The data:
──────────────────────────────

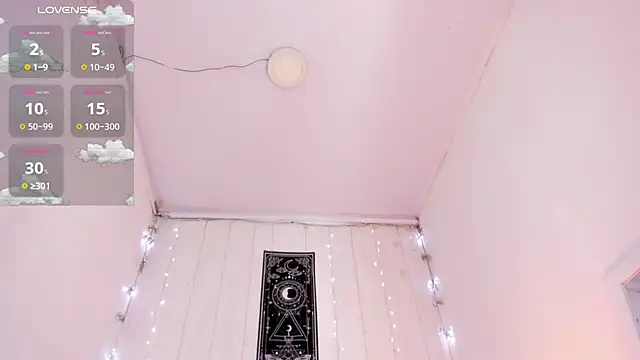 Snapshot of Brithanycullen chatting on November 2025 10:42:02 PM Brithanycullen online show from November 2025 10:42:02 PM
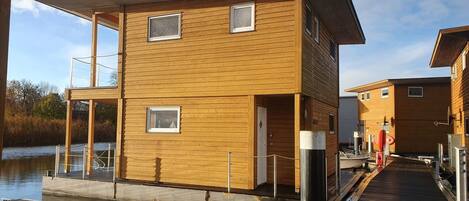 Mobile Home | Exterior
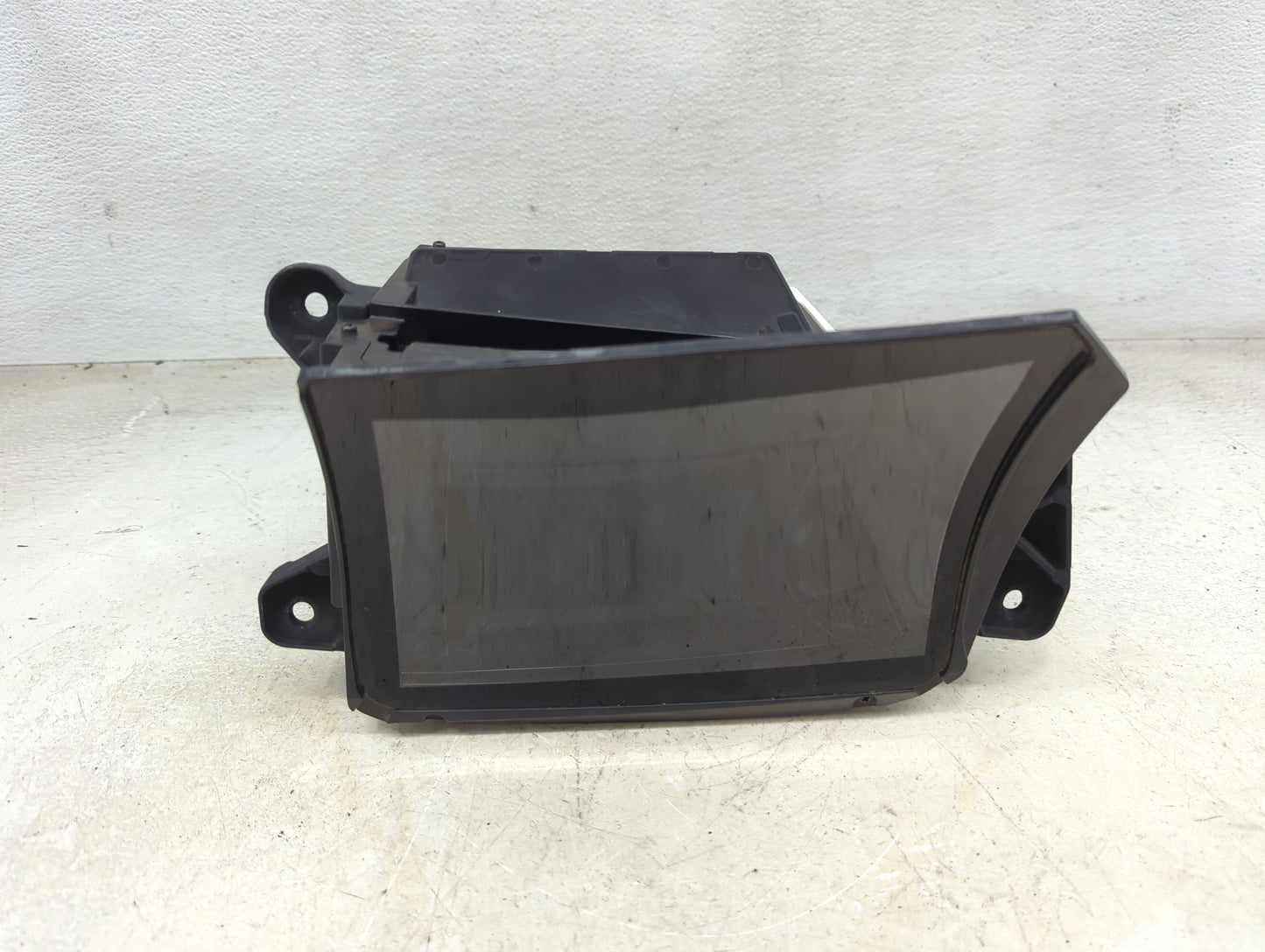 2019-2021 Bmw 330i Information Display Screen - Oemusedautoparts1.com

──────────────────────────────

Task to complete:
Write out the data above in full and exactly, but without the pictures.

Final answer:
 Snapshot of Brithanycullen chatting on November 2025 10:42:02 PM Brithanycullen online show from November 2025 10:42:02 PM
 Mobile Home | Exterior
 2019-2021 Bmw 330i Information Display Screen - Oemusedautoparts1.com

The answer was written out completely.